Precious’s teachers and advocates truly do love her, as do her fellow students and Nurse John, who takes her under his wing at the hospital. When Precious wins an achievement in literacy award, her school throws a party to which all her newfound friends come. A kinship structure has grown up around Precious, and she’s buoyed and surprised by its warmth. Along with Ms. Weiss, her case worker at the agency, her teacher at the alternative school, Ms. Rain, has been quite affected by Precious. After her son is born, when it’s clear the young girl can’t return to her mother, Ms. Rain takes her home until more permanent temporary housing can be found for Precious and the baby. Ms. Rain lives in a Harlem brownstone with sophisticated ethnic appointments, including a prominently displayed poster of Ntozake Shange’s play, For Colored Girls Who Have Considered Suicide when the Rainbow is Enough, which graces Precious with its symbolic weight during her visit.

Ms.
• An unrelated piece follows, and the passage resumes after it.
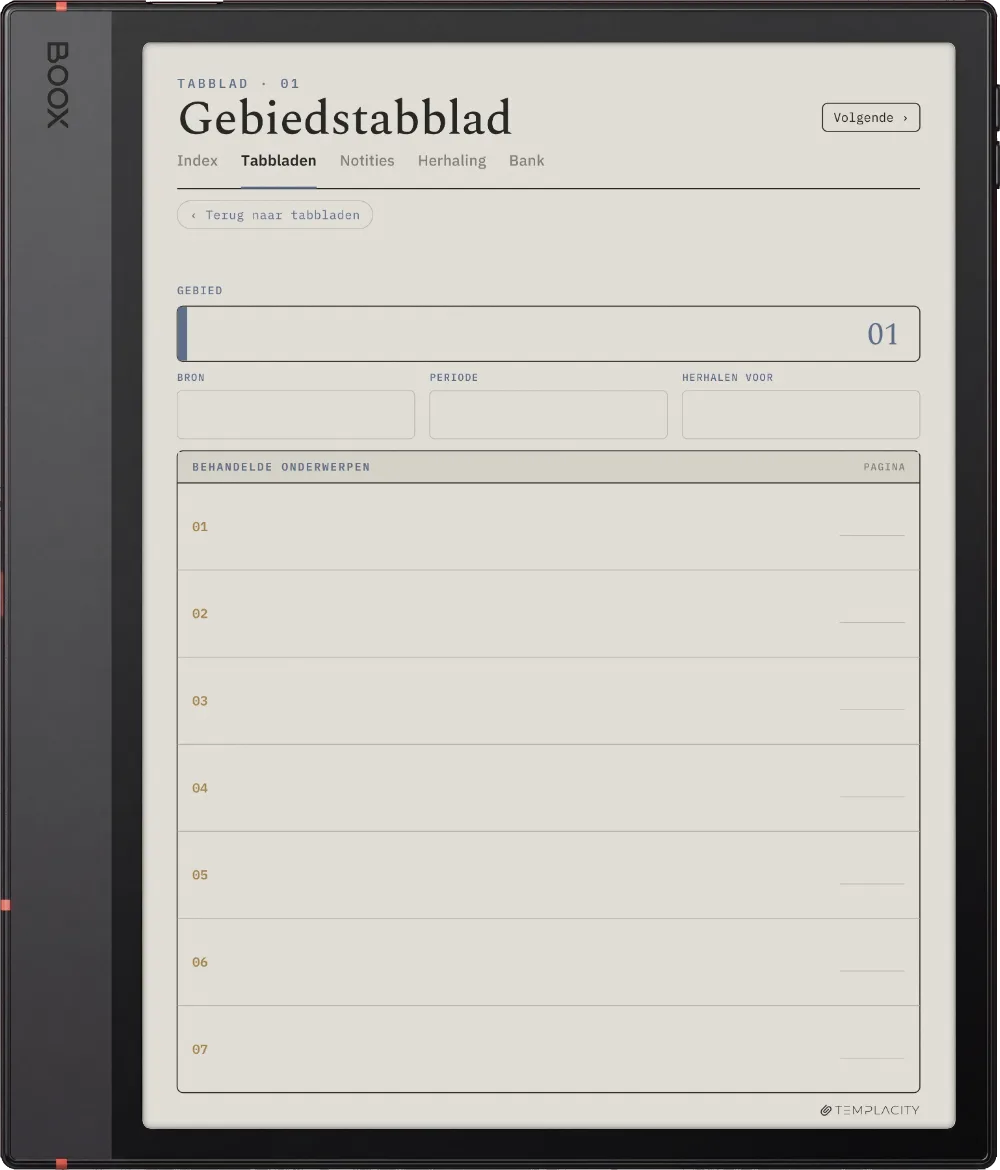The Planner · Cornell-notities Boox Note Air5 C pagina 4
Rain, as it happens, is a lesbian, and she and her lovely, warm partner regale Precious with stories that fade into a mélange of happy voices as Precious wonders, in her voiceover, at being taken in by “homos.” As the two women drink wine, touch one another lightly and affectionately, and coo over the little baby, Precious looks on in wonderment, as though this is the first time she’s been around people who actually love one another. The moment is moving and revealing, as it’s clear Precious has been influenced by her mother’s prejudices, but finds a grace and generosity of self that quickly helps her reject what she’s learned and embrace the possibility of difference, of kindness, and of love.

The film’s heroes and heroines—like Ms. Rain and her partner and Nurse John—are all light-skinned, complicating the politics of race in the film. In one scene, after Precious has come to trust Ms. Weiss, the case worker (Carey), she asks the woman “what color” she is. She can’t quite read her ethnicity, which, if her name is any indication, is Jewish. Precious is unsophisticated, but she sees something in this woman that reads as “not white” to her, even if it’s just a projection because Mrs. Weiss seems to empathize so strongly with her difference.
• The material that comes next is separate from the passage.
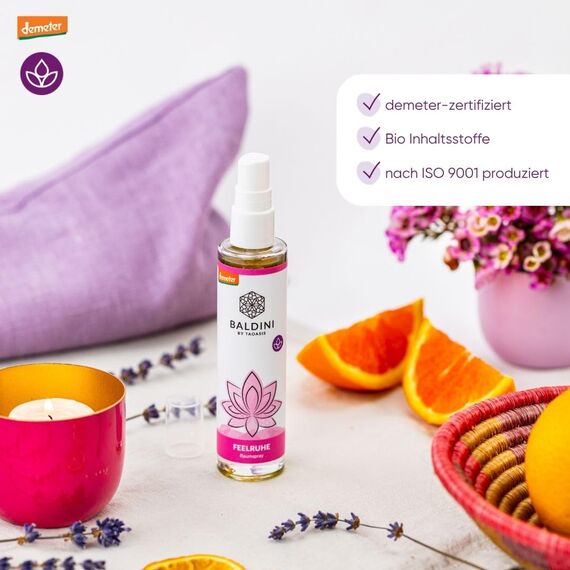 Baldini Feelruhe Bio-Raumspray – 50 ml – Naturduft mit Lavendel, Orange & Benzoe – 100 % naturreine ätherische Öle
I can’t recall a film that’s illustrated such brutality and such compassion in nearly the same breadth. Nor can I recall a film in which the central character has been as complex and compelling as Precious. Watching Precious feels like witnessing a creative virtuosity—the director’s and each of the actors’—that’s tuned into something so real and somehow true, so horrible and somehow redemptive, that you can’t look away. And that, it seems, is the film’s plea: that we see girls like Precious, instead of seeing through them or refusing to look at all.